Così, o Signore, l’annuncio del compiersi dell’avvento messianico – contenuto nel bellissimo vangelo della liturgia odierna – perde la sensazionalità che aveva suscitato all’epoca dei fatti. Lì, veramente, c’era un desiderio di salvezza; ma oggi?
Chi sente di dover essere salvato?
Chi si sente ancora povero in un mondo in cui tutto ci porta al benessere consumistico? Chi percepisce la sua cecità in un tempo in cui tutti – a ragion veduta o meno, poco importa – hanno la pretesa di poter scrivere (magari sul social di turno) cose volte a “far aprire gli occhi”? Chi sente il peso della “prigionia” – morale, sociale o spirituale – in un’epoca in cui, pur di essere liberi, si è voluto occultare ciò che apparentemente rendeva schiavi? Chi anela percorrere l’irto sentiero della libertà, quando può facilmente intraprendere quello del libertinaggio?
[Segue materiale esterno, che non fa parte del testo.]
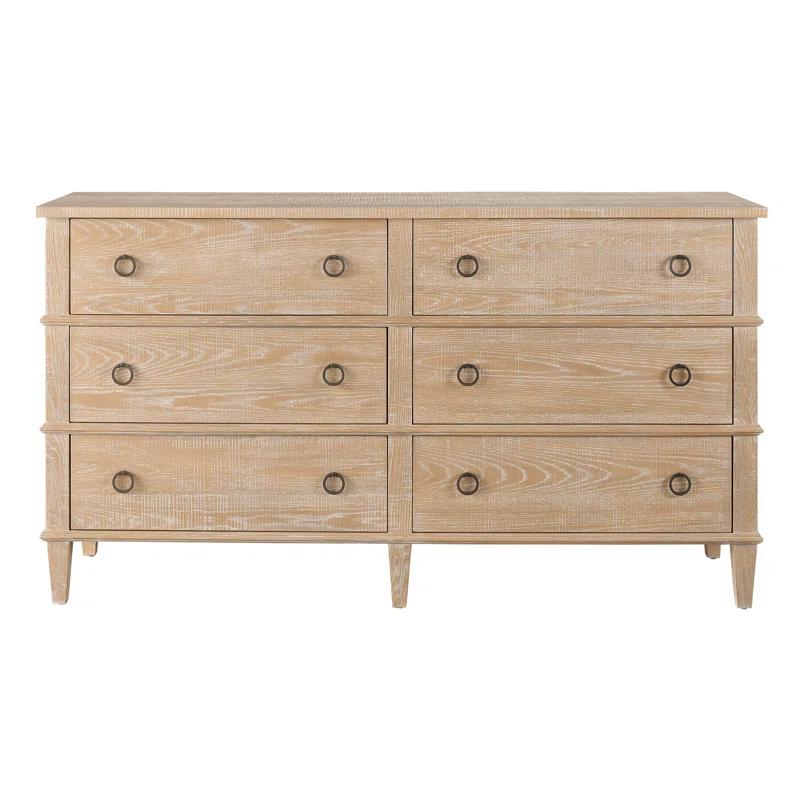 Universal Modern Farmhouse 68" 6-Drawer Dresser in Tan Natural Oak Wood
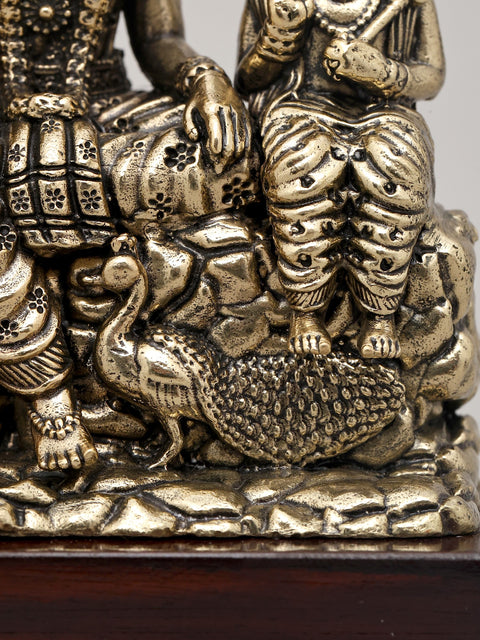5" Small Superfine Brass Statue of Lord Shiva Family Seated Together with Wood Base | Made in India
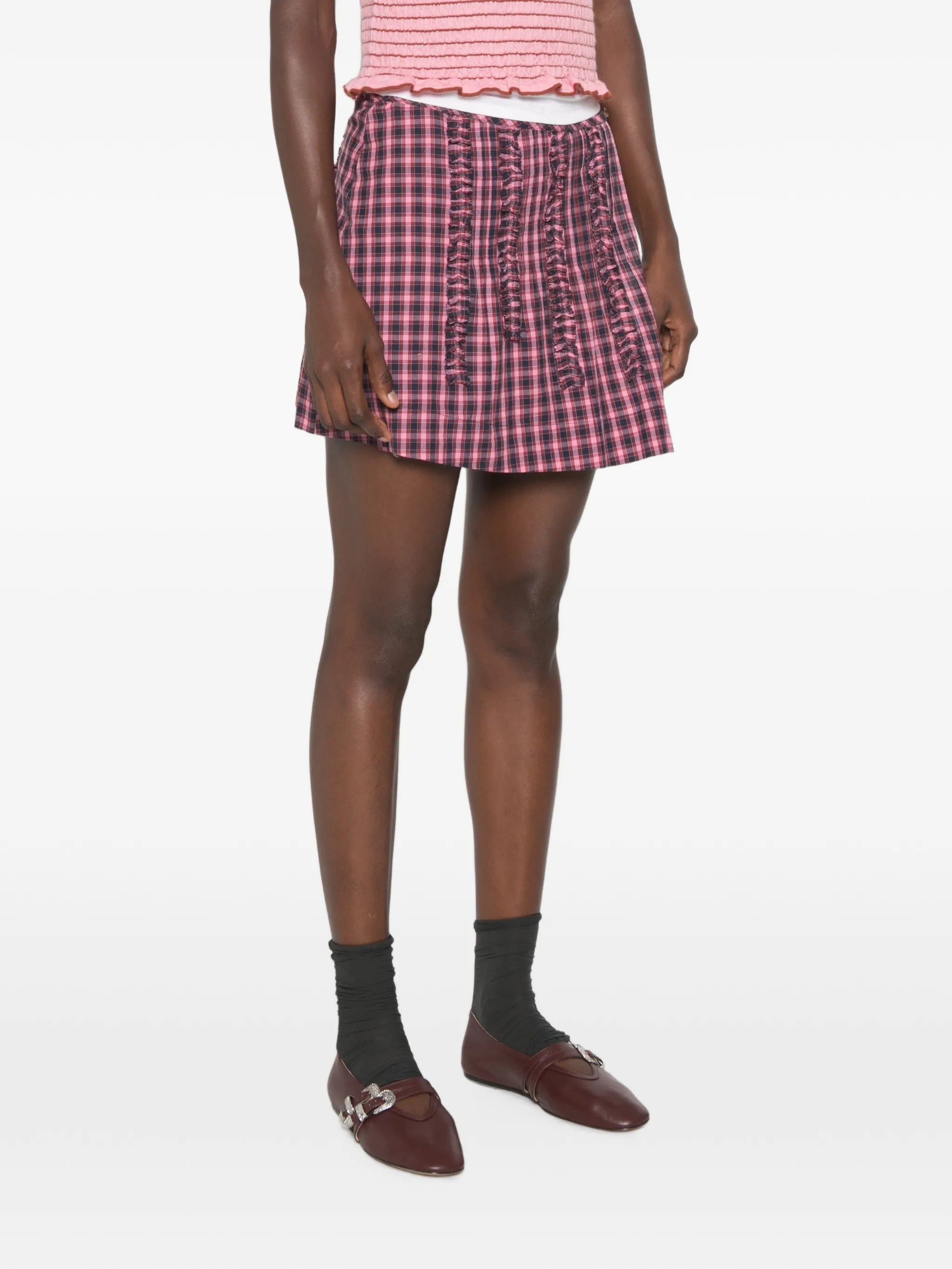 Glinda ruffled checked mini skirt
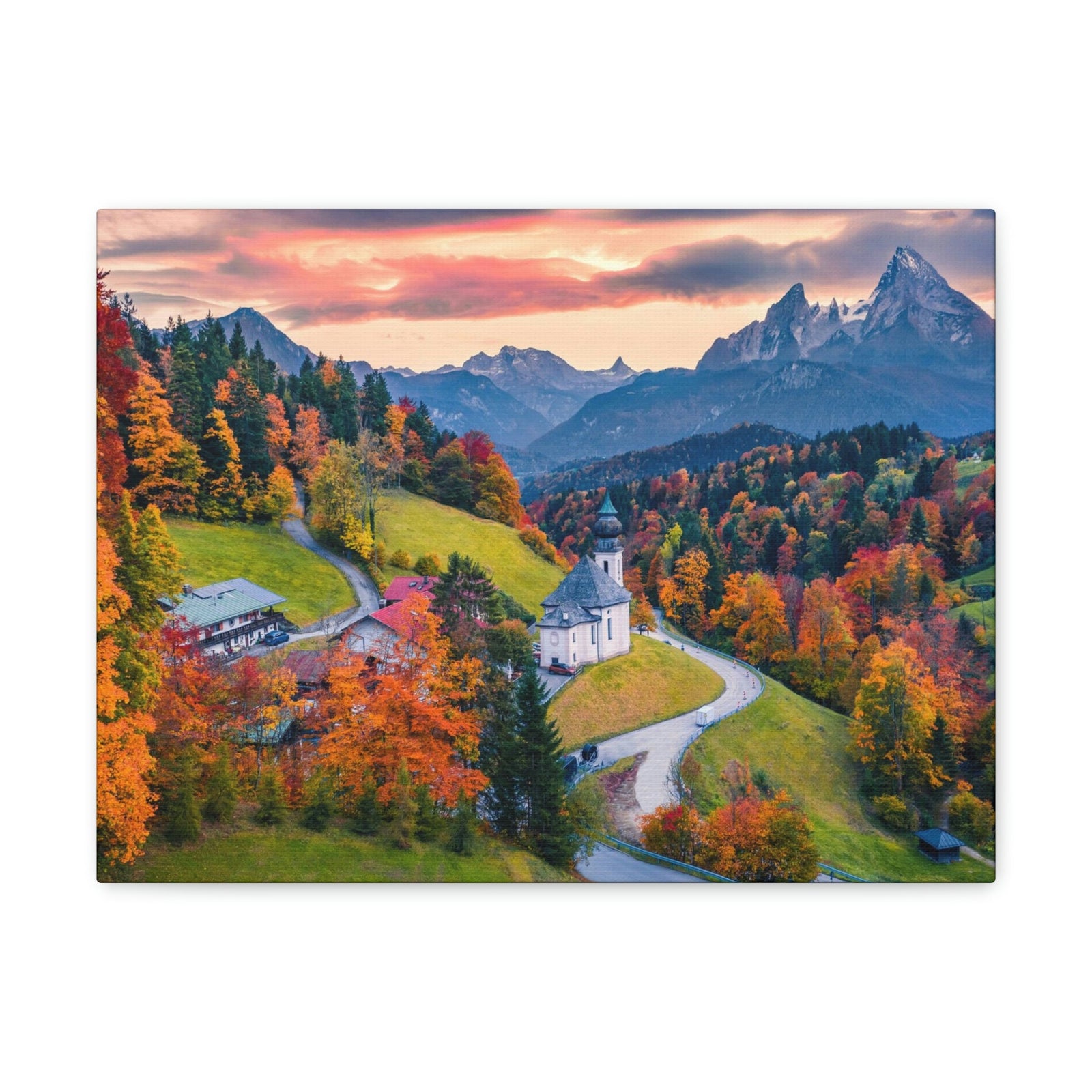 Splendid Autumn Sunset at the Countryside Scene Beautiful Awesome and Impressive View Beauty Nature Scene Big Trees and Alps Wall Art Ready to Hang Unframed-Express Your Love Gifts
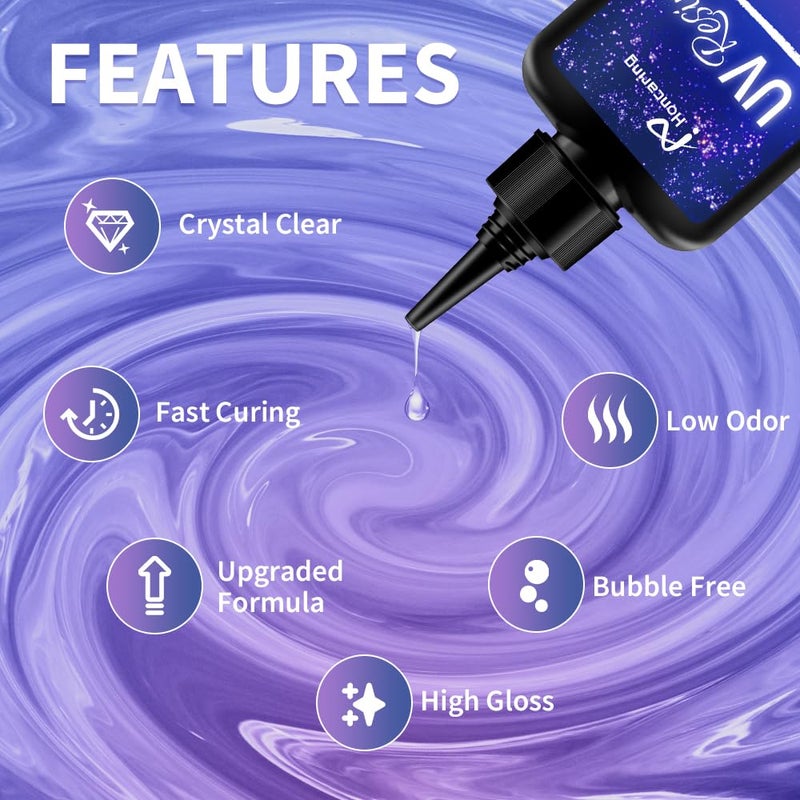 Honcaring طقم راتنج UV 200 جرام مع ضوء UV، طقم راتنج UV صلب، صيغة مطورة وراتنج UV شفاف لصنع المجوهرات، طقم راتنج UV 100 جرام*2 مع ضوء للأقراط، المعلقات، DIY - Image 4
Chi si sente ancora oppresso dal male o dal peccato se, oggi più che mai, il male è divenuto soggettivo e il senso del peccato pressoché inesistente?
Chi vuole essere in grazia di Dio piuttosto che ingraziarsi gli uomini per essere “da loro ammirati”?
E allora, tu, Signore Gesù, Messia inviato agli uomini di tutti i tempi, a che servi? Il tuo essere l’Unto di Dio a che ci serve, se siamo circondati da untori di appaganti false speranze?
Continui a fallire, ad essere lo scarto dell’umanità! Ma come direbbe – parafrasandolo – Paolo, ciò che è stoltezza e scarto per gli uomini è sapienza e forza di Dio.
Tu, salvatore dell’uomo, scartato dagli uomini che ritengono salvarsi da soli, sei salvezza per tutti gli scartati della storia: ciechi, storpi, zoppi, prigionieri, oppressi, dis-graziati.
Donaci allora, o Maestro, di sentirci veramente così: bisognosi di salvezza. Sentendoci amati a tal punto da esser salvati, sentiremo esploderci il cuore di gratitudine per cotanto amore e lo trasmetteremo, “gridandolo dai tetti”, a tutti coloro che ci porrai accanto.